For China, Digital Yuan Sprinting Toward Olympics?

For China, Digital Yuan Sprinting Toward Olympics?

Let the digital currency games begin.

When it comes to central bank digital currencies (CBDCs), there is a wide gulf between concept and reality, between design and deployment.

In further evidence that China is pushing its CBDC efforts toward retail use cases – and toward the masses who, well, make retail payments – the People’s Bank of China (PBOC) is reportedly seeking to make digital currency available at the 2022 Winter Olympics.

Reports in Reuters peg the Olympic focus to pilots in four regions and cities. The geographies were announced by Sun Guofeng, who is head of the monetary policy department at the PBoC. There is no official timeframe for the rollout.

But triangulating that information with recent reports that tests of the digital yuan will be limited to smaller retail payments, rather than large-value transactions, the individual consumer may be considered the “low-hanging fruit” when it comes to getting and spending digital currency – and seeing if it works well.

The most recent news surrounding China’s CBDC efforts underscores a determination to get digital banknotes out into the field. And while recent Bank of International Settlement (BIS) research notes that a majority of central banks are looking into their own versions of CBDC – 80 percent of 66 central banks queried were doing so – China seems ahead of the pack.

And the U.S. Fed? As noted in this space a week ago, the Federal Reserve is teaming up with the Massachusetts Institute of Technology to examine infrastructure that would underpin digital dollars.
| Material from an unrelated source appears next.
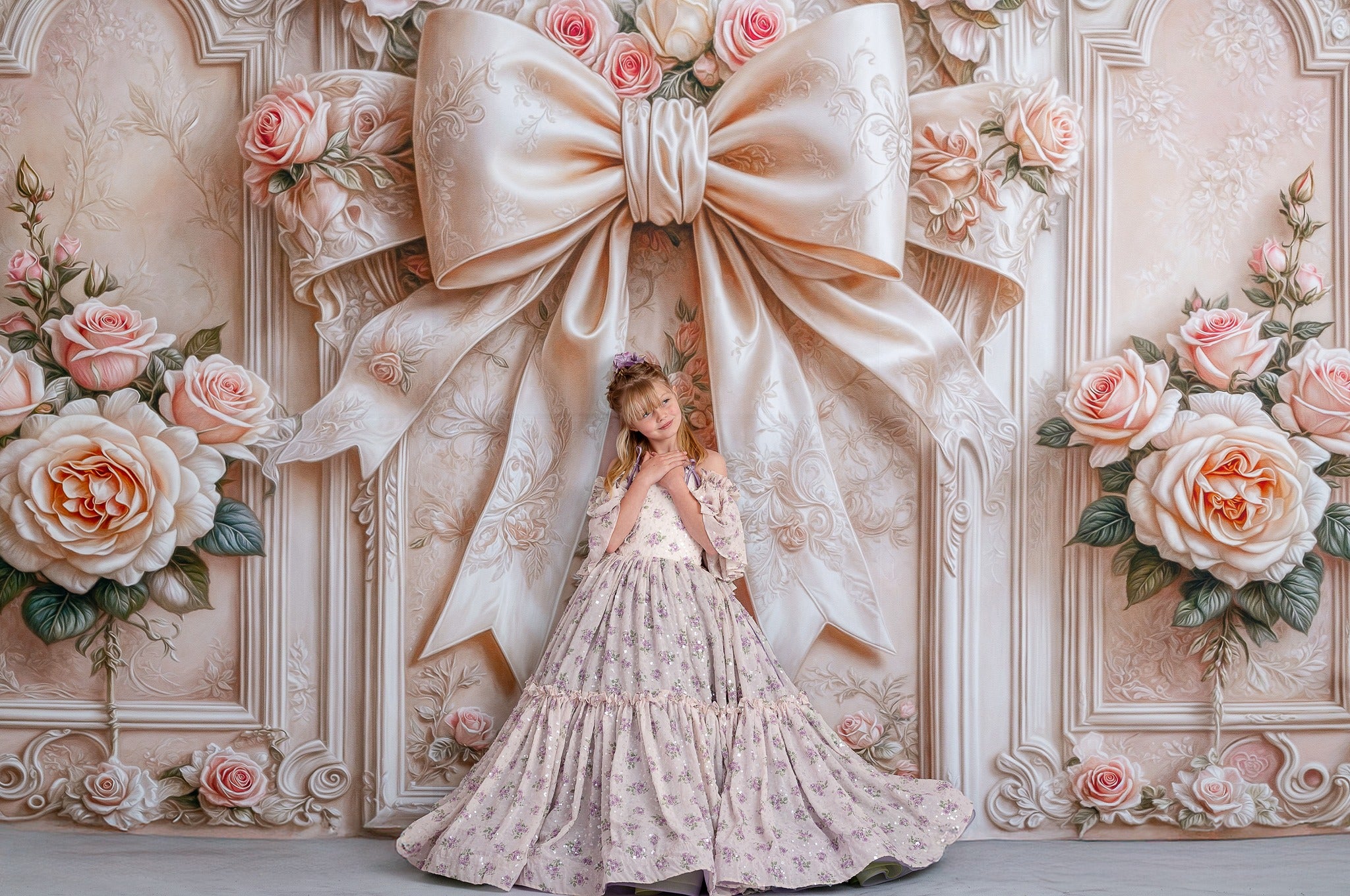 Whispering Serenade – Floor-Length Gown (7-Year to 8-Year)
China, for its part, has an installed base where 83 percent of payments are made through mobile (tech-driven) means.

It may be the case that setting up digital yuan to tie into the Olympics sets the stage for a controlled experiment, where individuals can conceivably buy tickets or food, for low-value but reasonably high-volume transactions. There’s also the benefit of working with only a few mobile payment platforms to get to scale, where Alipay and WeChat control almost all of the domestic mobile payments market. It makes sense that those two dominant players would want in on the CBDC push.
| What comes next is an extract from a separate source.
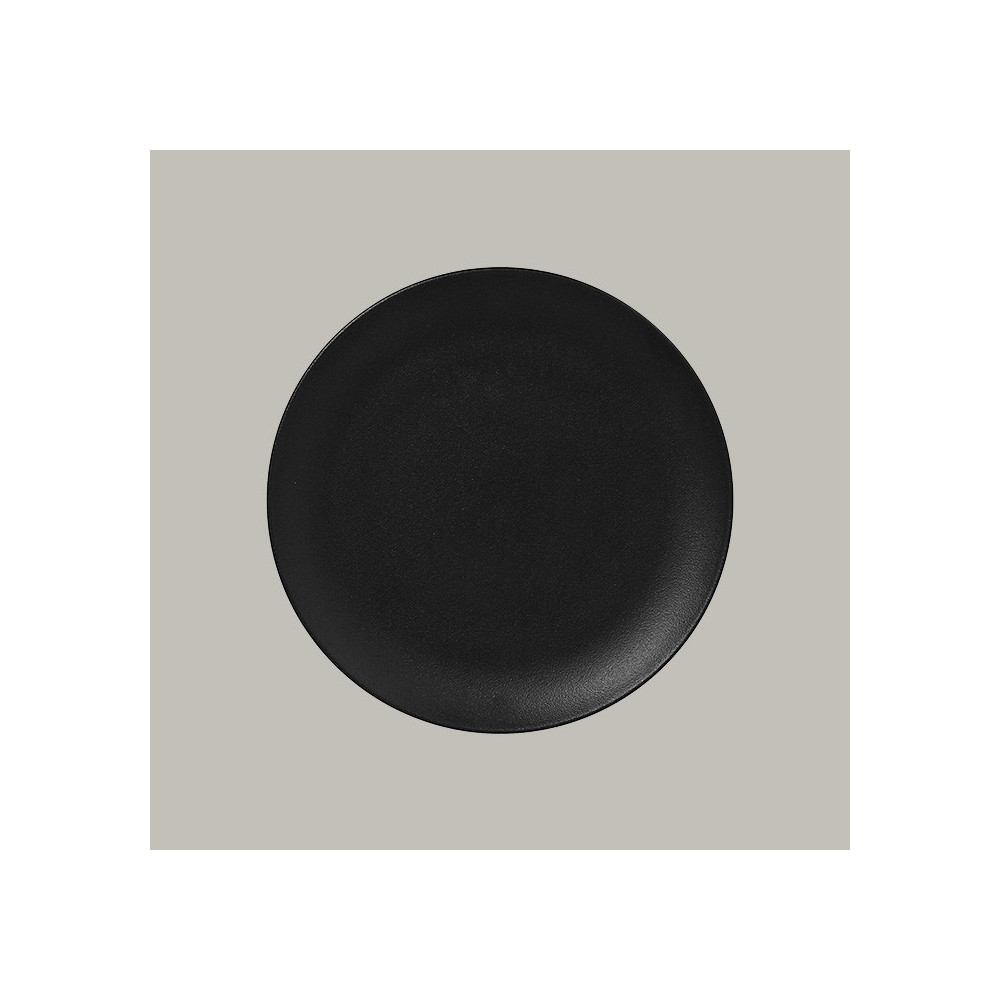 PLATO LLANO COUPE (Ø 31 X H 3.2 CMS) - NEOFUSION NEGRO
Recent reports have also pegged the digital yuan as being compatible with banknotes at a one-to-one ratio. As the BIS has noted, thus far, central banks look toward digital currencies as taking root right alongside paper and coins.
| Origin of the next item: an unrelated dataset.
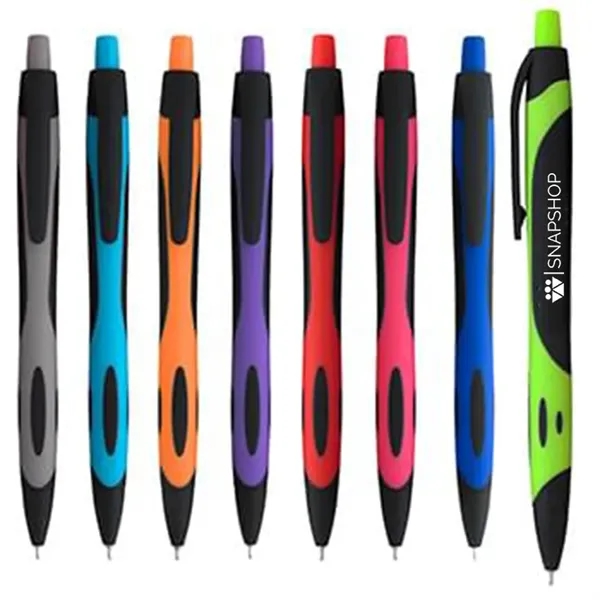 Two-tone Rubberized Pen - Two-tone Rubberized Pen - Image 0 of 20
As reported in centralbanking.com, “None of the designs we survey is intended to replace cash; all are intended to complement it,” according to BIS study authors Raphael Auer, Giulio Cornelli and Jon Frost. “In countries where digital payments are already very advanced, and cash use is declining, central banks may respond in particular to ensure the ongoing availability of a public sector-provided means of payment.”

The authors noted in their paper that China’s digital yuan “will be a cash-like liability of the [PBoC] available to the general public – and to foreign visitors of China – through account-based interfaces.” Against that backdrop, the launch of the digital currency is akin to bringing another payment method to a closed ecosystem, to see if it may be ready to ripple out more broadly.

To borrow another sporting analogy as the Olympics come into view: It’s going to be a marathon, not a sprint.